The UK matters in this complex dance since it has similar labour, environmental, and IP protection standards to the US. If it joins, it gives the CPTPP a Western seal of approval and helps to make the case in Washington. American accession would of course give Britain a US trade deal by the back door. 

Britain’s Rejoiner caucus reacts to CPTPP with disdain but also irritation, betraying a creeping awareness of the threat. The refrain for now is that the UK’s accession bid is empty posturing: a risible attempt to put flesh on the bones of Global Britain. It can never be a swap for EU trade. The "gravity" trade model is invariably invoked: the Pacific is far away and volumes are too small to matter.

This is a straw man argument. The CPTPP is not intended to be a swap. It is a different animal entirely. “I think it is going to emerge as the alternative to the World Trade Organisation,” said Professor David Collins, a WTO expert at City University.

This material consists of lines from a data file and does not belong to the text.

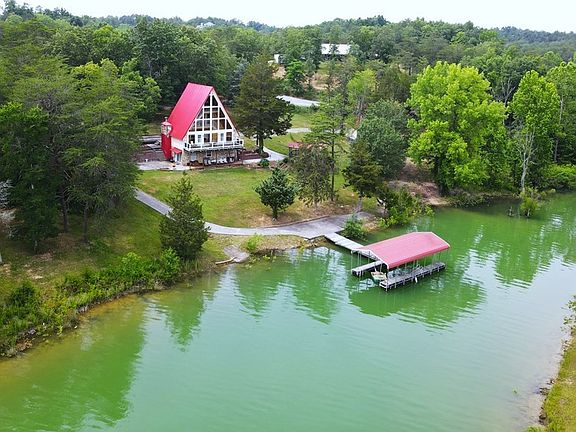 4th image of 1819 Parrots Chapel Rd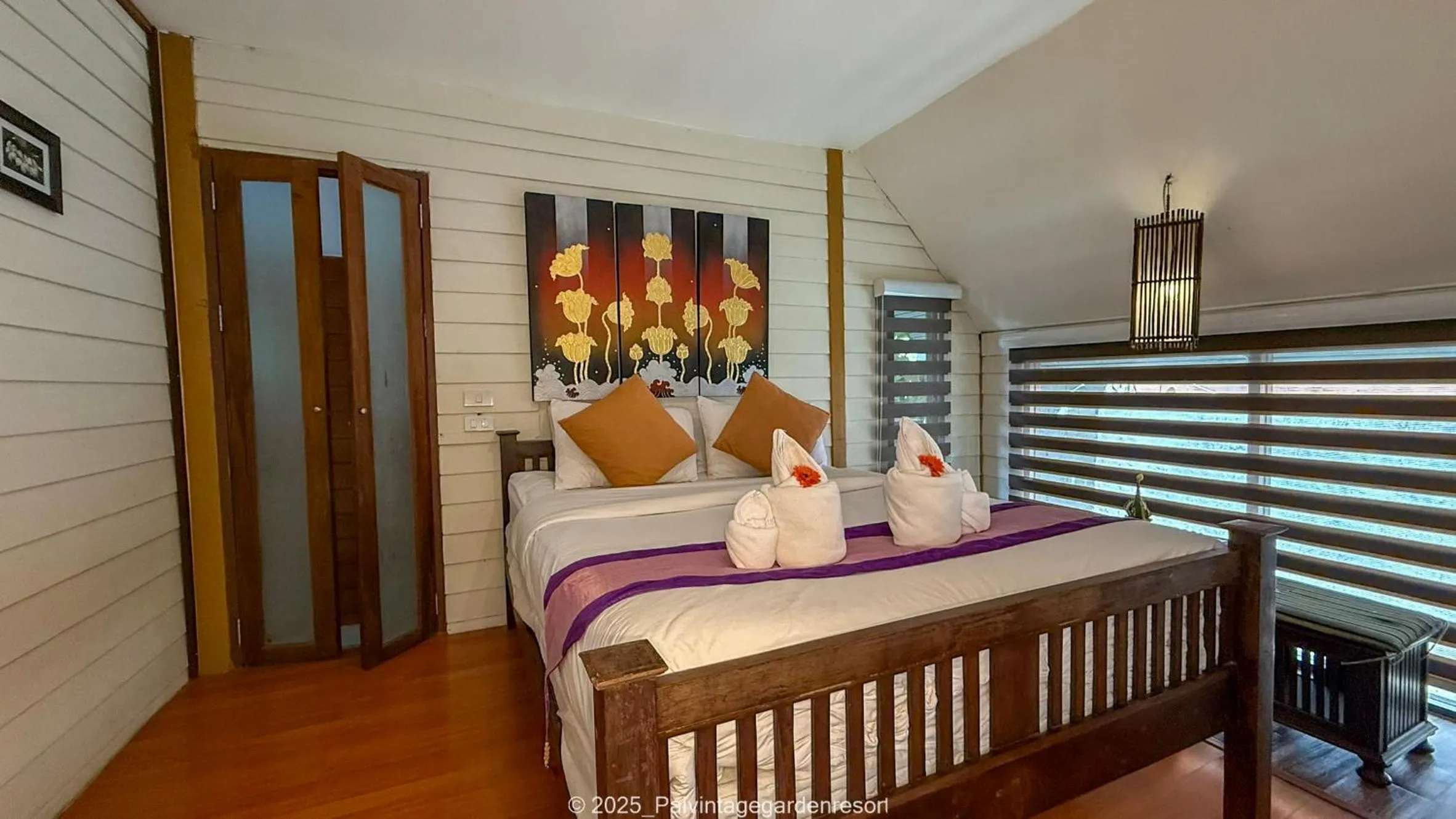 Bed in Pai Vintage Garden Resort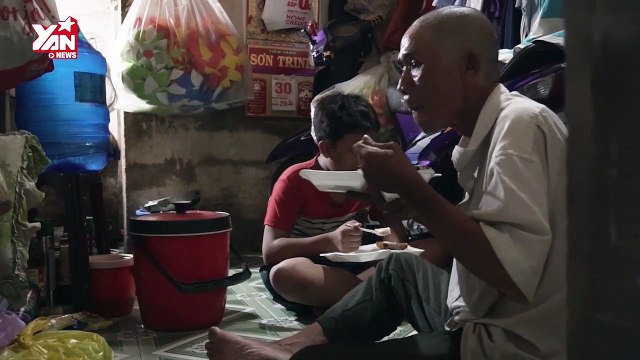 Gánh chuối nướng của người đàn ông nuôi cháu mồ côi cả cha lẫn mẹ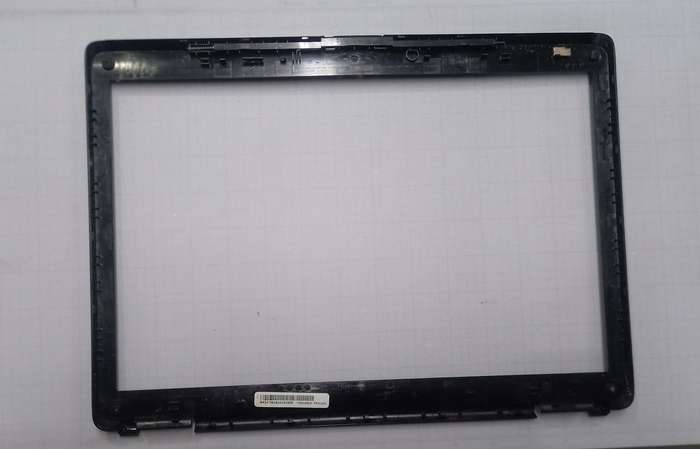 (D)Toshiba Lcd Front Bezel L300-EZ1004V L300-EZ1004X L300-EZ1501 V000130010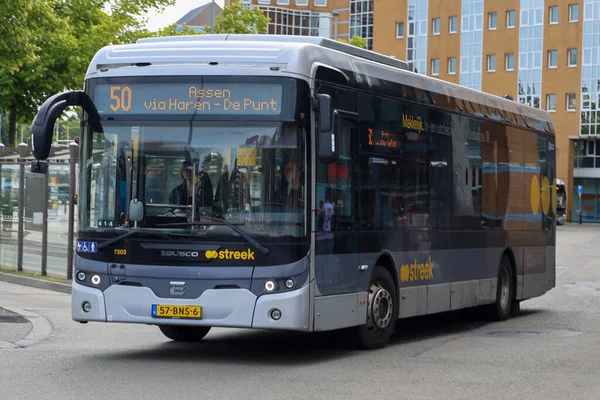 Yerel ve bölgesel otobüsler Qbuzz tarafından Hollanda 'daki Groningen Hoofdstation' da işletiliyor.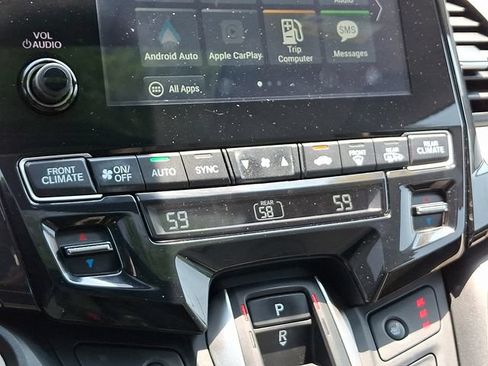 Certified 2024 Honda Odyssey EX-L image 17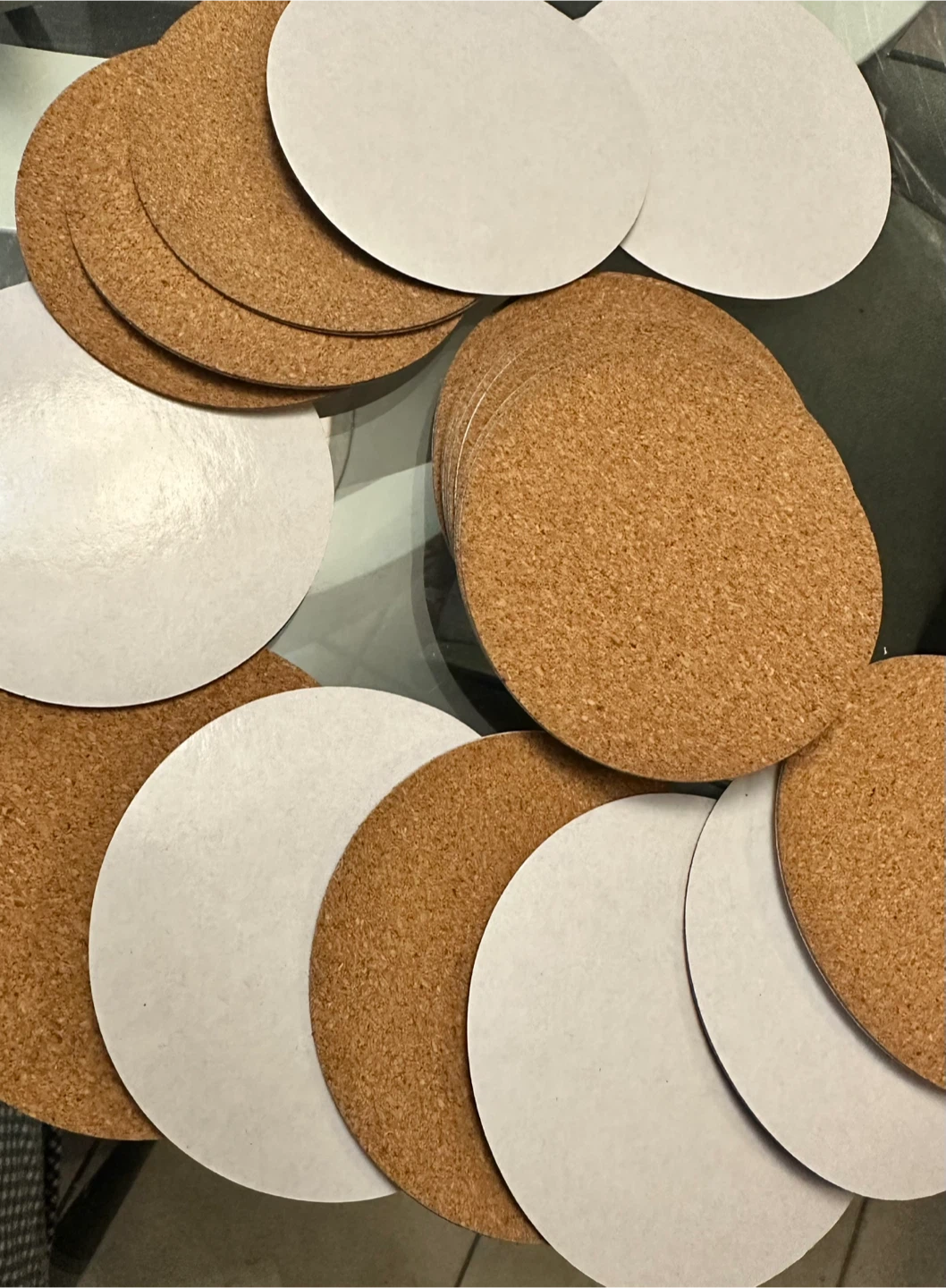 Circled Self Adhesive Cork Coasters Mats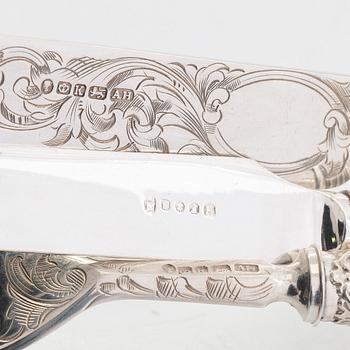 Sandwich and fruit cutlery, 24 pcs, partly sterling silver, partly silver-plated, Sheffield 1853 and 1905.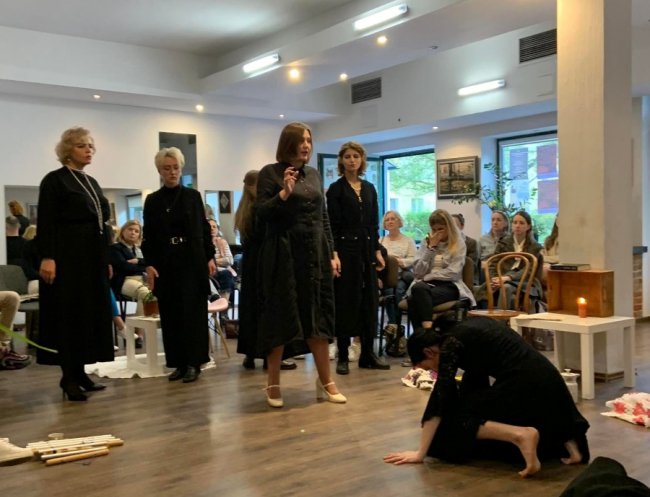 Луцькі театрали здійснили благодійні покази у Польщі. ФОТО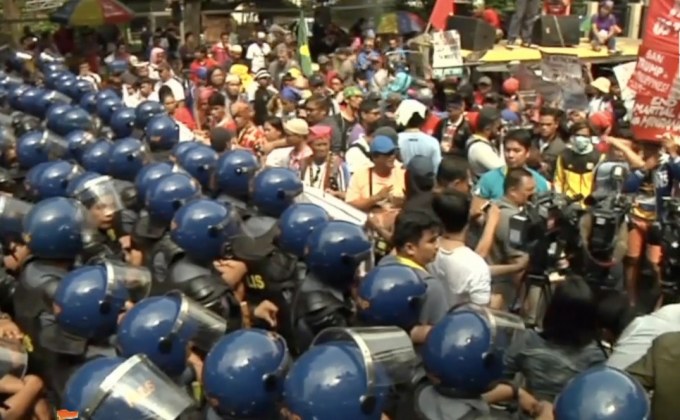 ชาวฟิลิปปินส์ประท้วง “ทรัมป์”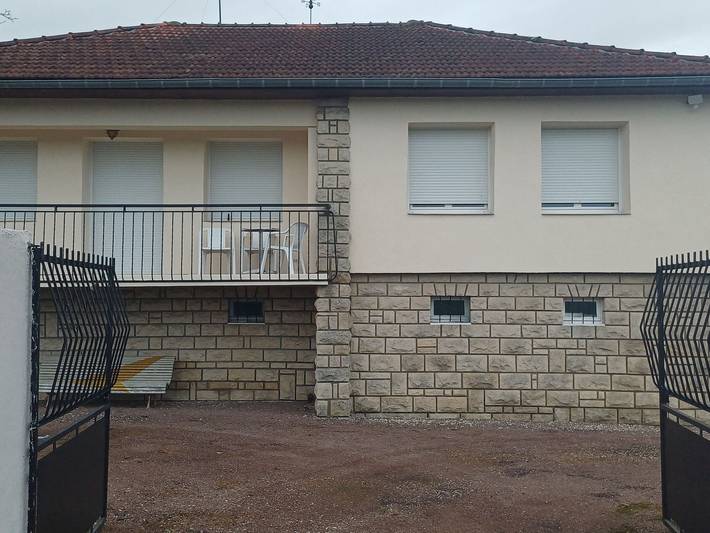 Gîte pour 6 personnes, avec jardin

The WTO itself is in deep crisis. Washington has lost confidence in the Appellate Body because it keeps ruling against the US - an understandable grievance since the US runs a large structural trade deficit and is therefore almost by definition at the receiving end of (disguised) mercantilist practices by others. Whatever the rights and wrongs, the CPTPP is gradually filling the vacuum. This leaves Europe in a quandary.  

The EU looks like an omnipotent trade hegemon only if your angle of view is regional: looks like a declining slow-growth bloc to the rest of the world. Its share of global GDP is shrinking by one percentage point every three years and has already slipped below 15pc.

“The EU is going to be increasingly marginalised because it is too small, and its approach to regulations is too heavy-handed. I don’t think it is going to be exporting its rules or precautionary principle for much longer,” said Prof Collins.

Will the EU be the junior player one day, on the outside of the world’s dominant trading structure, with its nose pressed to the glass? Possibly. We are in the Pacific century and right now the CPTPP has unstoppable momentum.